Collected data entries:
+++
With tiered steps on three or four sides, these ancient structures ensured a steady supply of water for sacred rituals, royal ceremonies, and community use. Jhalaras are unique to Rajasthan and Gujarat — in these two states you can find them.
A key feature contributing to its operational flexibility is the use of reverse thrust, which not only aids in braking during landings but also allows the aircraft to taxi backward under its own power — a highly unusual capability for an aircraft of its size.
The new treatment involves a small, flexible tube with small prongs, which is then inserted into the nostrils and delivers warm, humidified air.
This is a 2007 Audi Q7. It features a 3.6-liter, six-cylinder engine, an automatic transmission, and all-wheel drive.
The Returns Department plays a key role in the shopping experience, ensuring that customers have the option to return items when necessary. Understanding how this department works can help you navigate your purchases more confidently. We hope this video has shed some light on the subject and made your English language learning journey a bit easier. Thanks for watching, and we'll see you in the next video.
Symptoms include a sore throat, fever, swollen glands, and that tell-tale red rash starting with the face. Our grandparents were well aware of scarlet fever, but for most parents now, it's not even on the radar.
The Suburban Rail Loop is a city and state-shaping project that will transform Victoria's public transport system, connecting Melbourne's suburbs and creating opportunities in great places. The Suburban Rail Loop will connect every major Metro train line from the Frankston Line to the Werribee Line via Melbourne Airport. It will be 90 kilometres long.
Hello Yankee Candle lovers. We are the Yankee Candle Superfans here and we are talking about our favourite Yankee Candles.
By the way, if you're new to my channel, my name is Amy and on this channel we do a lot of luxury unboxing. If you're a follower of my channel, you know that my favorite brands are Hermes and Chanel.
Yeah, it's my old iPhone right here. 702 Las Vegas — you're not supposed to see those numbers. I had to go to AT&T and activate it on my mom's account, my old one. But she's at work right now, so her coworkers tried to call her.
+++
What is expected:
Consider the entries above and return each line with the string "which".

The answer:
A key feature contributing to its operational flexibility is the use of reverse thrust, which not only aids in braking during landings but also allows the aircraft to taxi backward under its own power — a highly unusual capability for an aircraft of its size.
The new treatment involves a small, flexible tube with small prongs, which is then inserted into the nostrils and delivers warm, humidified air.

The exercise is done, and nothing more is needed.